Below is some data. Retype exactly the lines starting at the one with "Personalized Gift Tartan" and ending at the one with "TOAOB 1000pcs Briolette".

Extracted records below:

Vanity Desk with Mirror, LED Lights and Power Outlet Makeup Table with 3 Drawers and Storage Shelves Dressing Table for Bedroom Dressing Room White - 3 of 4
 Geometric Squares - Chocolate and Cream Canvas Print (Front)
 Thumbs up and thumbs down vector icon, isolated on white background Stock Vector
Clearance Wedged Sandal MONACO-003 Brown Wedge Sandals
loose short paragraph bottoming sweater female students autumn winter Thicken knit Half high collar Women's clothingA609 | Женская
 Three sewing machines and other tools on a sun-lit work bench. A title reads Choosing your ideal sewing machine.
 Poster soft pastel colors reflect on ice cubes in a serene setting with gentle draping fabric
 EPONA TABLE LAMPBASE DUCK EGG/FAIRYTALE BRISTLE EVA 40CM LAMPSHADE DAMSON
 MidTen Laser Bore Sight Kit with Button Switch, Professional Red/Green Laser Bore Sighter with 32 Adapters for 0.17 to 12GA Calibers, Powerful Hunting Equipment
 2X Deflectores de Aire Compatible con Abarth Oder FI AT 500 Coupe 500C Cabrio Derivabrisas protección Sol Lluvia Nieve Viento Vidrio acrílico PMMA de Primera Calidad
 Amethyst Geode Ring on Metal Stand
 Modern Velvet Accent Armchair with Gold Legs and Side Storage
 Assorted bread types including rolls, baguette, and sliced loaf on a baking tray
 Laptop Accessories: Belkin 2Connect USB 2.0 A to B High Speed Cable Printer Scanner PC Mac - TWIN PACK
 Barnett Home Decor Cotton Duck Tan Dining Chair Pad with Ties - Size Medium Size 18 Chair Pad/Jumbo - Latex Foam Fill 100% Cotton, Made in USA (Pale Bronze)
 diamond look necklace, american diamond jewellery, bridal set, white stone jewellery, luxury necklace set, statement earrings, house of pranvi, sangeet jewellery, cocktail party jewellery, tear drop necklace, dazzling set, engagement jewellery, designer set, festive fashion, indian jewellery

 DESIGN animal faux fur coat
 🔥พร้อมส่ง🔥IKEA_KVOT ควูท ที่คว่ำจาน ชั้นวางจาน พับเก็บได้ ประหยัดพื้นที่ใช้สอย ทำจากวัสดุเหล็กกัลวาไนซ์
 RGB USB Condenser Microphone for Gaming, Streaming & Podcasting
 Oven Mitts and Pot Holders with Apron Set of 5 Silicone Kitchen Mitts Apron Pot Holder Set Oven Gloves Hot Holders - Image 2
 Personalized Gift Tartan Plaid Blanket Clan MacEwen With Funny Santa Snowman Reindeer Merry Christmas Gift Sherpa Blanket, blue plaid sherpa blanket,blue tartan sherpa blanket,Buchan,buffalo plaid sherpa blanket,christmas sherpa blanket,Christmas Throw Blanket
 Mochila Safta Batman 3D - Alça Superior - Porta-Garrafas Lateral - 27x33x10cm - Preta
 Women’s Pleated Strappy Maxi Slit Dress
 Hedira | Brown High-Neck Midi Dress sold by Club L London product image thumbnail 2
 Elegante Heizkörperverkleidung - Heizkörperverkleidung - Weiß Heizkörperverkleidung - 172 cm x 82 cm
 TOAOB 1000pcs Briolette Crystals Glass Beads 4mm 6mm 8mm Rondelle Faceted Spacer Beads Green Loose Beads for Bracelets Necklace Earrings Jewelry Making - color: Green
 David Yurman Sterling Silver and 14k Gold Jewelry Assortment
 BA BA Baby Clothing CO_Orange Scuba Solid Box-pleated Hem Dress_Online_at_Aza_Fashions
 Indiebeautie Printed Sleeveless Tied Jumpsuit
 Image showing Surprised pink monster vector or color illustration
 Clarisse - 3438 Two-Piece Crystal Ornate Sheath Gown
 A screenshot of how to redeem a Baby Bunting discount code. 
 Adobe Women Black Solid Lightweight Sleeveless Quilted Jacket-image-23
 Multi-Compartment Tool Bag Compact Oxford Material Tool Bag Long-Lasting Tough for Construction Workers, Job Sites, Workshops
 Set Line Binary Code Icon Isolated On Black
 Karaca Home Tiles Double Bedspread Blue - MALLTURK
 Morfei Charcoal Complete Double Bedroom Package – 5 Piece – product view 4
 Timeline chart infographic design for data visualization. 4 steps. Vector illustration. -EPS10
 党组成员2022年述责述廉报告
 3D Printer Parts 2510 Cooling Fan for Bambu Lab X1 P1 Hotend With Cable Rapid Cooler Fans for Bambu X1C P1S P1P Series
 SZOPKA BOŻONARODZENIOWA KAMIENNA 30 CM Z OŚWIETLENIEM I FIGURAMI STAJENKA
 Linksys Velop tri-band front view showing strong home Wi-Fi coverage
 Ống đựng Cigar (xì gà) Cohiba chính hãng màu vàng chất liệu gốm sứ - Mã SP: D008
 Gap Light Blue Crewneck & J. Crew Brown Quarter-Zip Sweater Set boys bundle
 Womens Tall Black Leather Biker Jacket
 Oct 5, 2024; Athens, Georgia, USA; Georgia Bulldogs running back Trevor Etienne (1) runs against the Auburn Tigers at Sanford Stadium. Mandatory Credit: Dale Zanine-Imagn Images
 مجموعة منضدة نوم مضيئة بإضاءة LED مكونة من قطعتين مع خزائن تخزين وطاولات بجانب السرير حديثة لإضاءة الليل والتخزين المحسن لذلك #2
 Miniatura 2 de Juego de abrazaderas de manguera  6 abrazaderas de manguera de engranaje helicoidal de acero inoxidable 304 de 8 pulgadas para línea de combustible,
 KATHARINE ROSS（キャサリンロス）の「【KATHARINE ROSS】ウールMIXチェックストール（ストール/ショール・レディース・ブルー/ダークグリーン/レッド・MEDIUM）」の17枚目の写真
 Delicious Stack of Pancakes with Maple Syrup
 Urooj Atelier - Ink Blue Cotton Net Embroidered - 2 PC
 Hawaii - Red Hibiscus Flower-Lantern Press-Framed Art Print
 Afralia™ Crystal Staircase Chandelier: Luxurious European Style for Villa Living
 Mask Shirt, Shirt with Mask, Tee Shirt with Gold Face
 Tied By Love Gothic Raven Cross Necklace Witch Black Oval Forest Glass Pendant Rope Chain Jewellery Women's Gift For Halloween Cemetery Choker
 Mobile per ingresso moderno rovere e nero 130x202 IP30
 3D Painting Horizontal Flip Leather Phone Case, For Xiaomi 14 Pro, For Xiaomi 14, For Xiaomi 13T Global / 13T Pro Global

End of Extracted records.

# Exercise response
 Personalized Gift Tartan Plaid Blanket Clan MacEwen With Funny Santa Snowman Reindeer Merry Christmas Gift Sherpa Blanket, blue plaid sherpa blanket,blue tartan sherpa blanket,Buchan,buffalo plaid sherpa blanket,christmas sherpa blanket,Christmas Throw Blanket
 Mochila Safta Batman 3D - Alça Superior - Porta-Garrafas Lateral - 27x33x10cm - Preta
 Women’s Pleated Strappy Maxi Slit Dress
 Hedira | Brown High-Neck Midi Dress sold by Club L London product image thumbnail 2
 Elegante Heizkörperverkleidung - Heizkörperverkleidung - Weiß Heizkörperverkleidung - 172 cm x 82 cm
 TOAOB 1000pcs Briolette Crystals Glass Beads 4mm 6mm 8mm Rondelle Faceted Spacer Beads Green Loose Beads for Bracelets Necklace Earrings Jewelry Making - color: Green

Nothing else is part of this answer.